Now, the E sigma sign means that i takes every value from 1 to n like this:
E(2^(i-1))=2^(1-1)+2^(2-1)+2^(3-1)+...+2^(n-1)=2^0+2^1+2^2+...+2^(n-1).
Now, from what you said, they have given you the answer, that is that the sum
equals 2^(n)-1, and you have to prove that it is corect. There are some ways
to do this, but by mathematical induction you do it like this:
There are 2 steps.
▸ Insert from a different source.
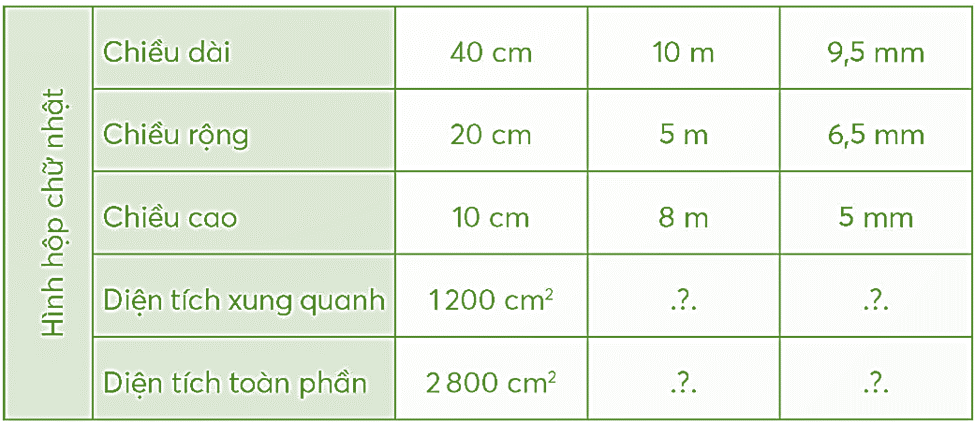 Số đo? (ảnh 1)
The first one is to check if the relatioship is correct for
n=1 and n=2. That is check if:
E2^(i-1)=2^(n)-1 for n=1 and n=2.
that means: 2^0=2^1-1 and 2^0+2^1=2^2-1.(You have to do the math here)
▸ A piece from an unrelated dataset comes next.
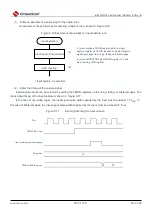 Предварительный просмотр 279 страницы Cmsemicon BAT32G1 9 Series User Manual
The second step: you assume that the relationship is correct for n, and you
prove it for the value of n+1.
So:
You assume that E2^(i-1){i from 1 to n}=2^n-1
And you have to prove that
E2^(i-1){i from 1 to n+1}=2^(n+1)-1
You do thus by writing
E2^(i-1){i from 1 to n+1}=E2^(i-1){i from 1 to
n}+2^(n+1-1)=2^(n)-1+2^n=2^n+2^n-1=2^n(1+1)-1=2^(n)*2-1=2^(n+1)-1.
Thus, what you wanted to prove is proven.
For any given n, the relation works for n+1. (If it works for n=1, it will work
for n=2 the  for n=3 and so on).
Note that this is for this specific example. Any other one works the same(eg
E(i)=i(i+1)/2). The steps are exactly the same(check for n=1 and n=2, assume
it's corect for n and check for n+1), the only thing that changes is the
math.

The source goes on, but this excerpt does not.